İşe usulsüz bir şekilde alındıklarının iddia edildiğini; ancak Sağlık Bakanlığı’nın elamanı olduklarını Yargıtay’ın kararı ile kanıtladıklarını dile getiren Gül, şöyle devam etti: “Yargıtay kararıyla esas işyerimiz hekimevi değil, Sağlık Bakanlığı personeli olduğumuz kesinleşmiştir. Sokağa bırakıldık. Bize başka bir iş verilmedi. Aylık, mesai, ikramiye ve tazminatlarımız verilmedi. Hakkımızı alıncaya kadar eylemimize devam edeceğiz. Altı yıldan aşağı olmamak üzere 14 yıla kadar çalışan var. Herkes elindeki imkanlarla buranın devam etmesi için çabalamıştır. Hakkımızda hiçbir şikayet yok. Burayı zarar ettirenler hakkında neden soruşturma açılmıyor.”

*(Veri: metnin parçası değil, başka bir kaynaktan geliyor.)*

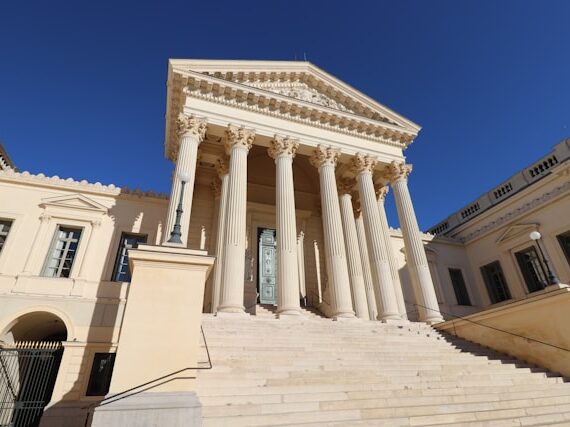 What Really Happens in Court – and How is Justice Impacted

İşçilerden Abuzer Tosun’da devletin 4-C işçilerine olduğu gibi kendilerine de iş imkanı vermesini istedi. Tosun, “Bütün arkadaşlarımız evlerine ekmek götüremiyor. Bayram ağzı, herkes parasız pulsuz. Burada sorumlu kimse harekete geçmesini bekliyoruz. Başbakan bizlere de 4-C kadrosu açsın.” ifadelerini kullandı.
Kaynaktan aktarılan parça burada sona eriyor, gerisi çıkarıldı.